● Task brief: Beginning with the line that has "ヴェルデュール経堂(1K/2階)の間取り写真" and ending with the line that has "Золотые монеты и", retype the entries below exactly, except for the pictures.

● Source data:

════════════════════

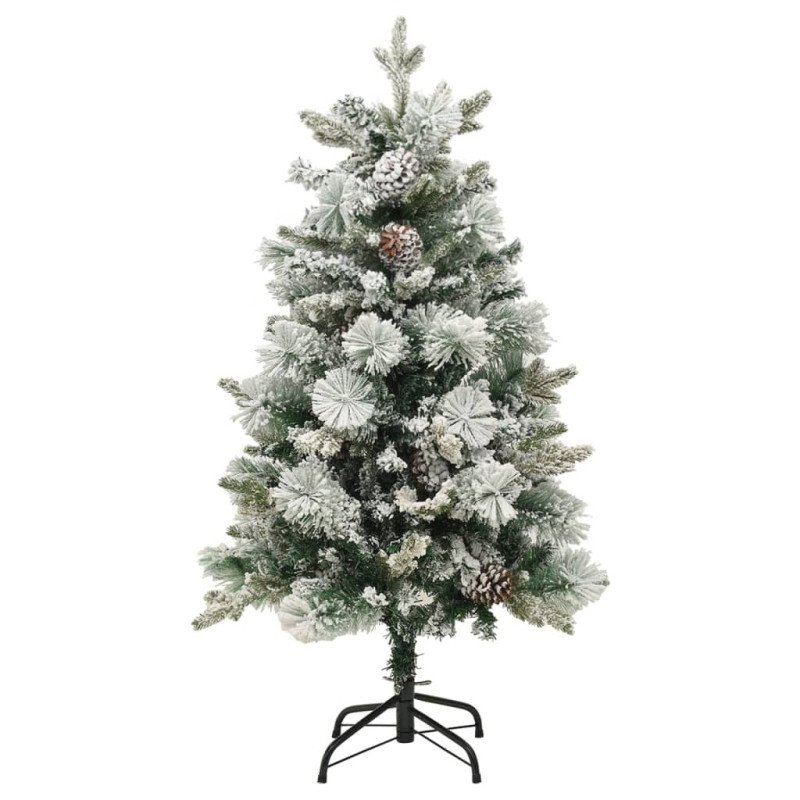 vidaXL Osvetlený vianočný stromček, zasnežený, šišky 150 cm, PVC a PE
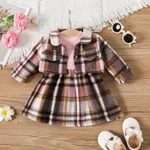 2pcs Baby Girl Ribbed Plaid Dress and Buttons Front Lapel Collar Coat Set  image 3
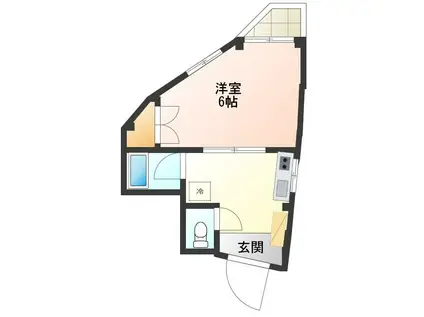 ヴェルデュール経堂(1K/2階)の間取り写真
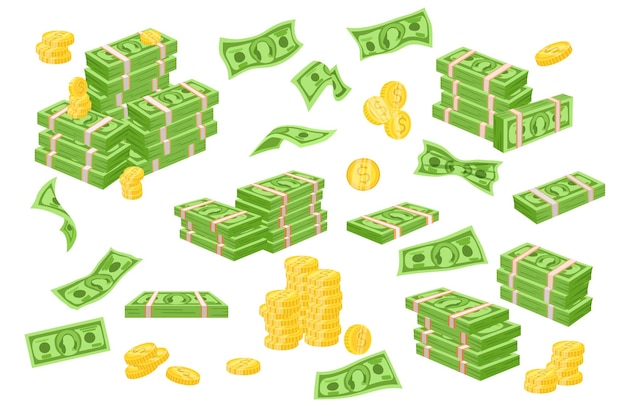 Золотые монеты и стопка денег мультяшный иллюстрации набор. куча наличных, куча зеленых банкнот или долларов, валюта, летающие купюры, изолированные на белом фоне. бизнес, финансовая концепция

════════════════════

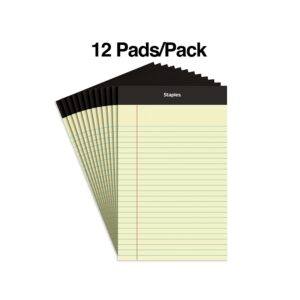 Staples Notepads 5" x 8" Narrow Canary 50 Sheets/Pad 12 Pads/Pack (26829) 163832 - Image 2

════════════════════

● Response to the exercise:
 ヴェルデュール経堂(1K/2階)の間取り写真
 Золотые монеты и стопка денег мультяшный иллюстрации набор. куча наличных, куча зеленых банкнот или долларов, валюта, летающие купюры, изолированные на белом фоне. бизнес, финансовая концепция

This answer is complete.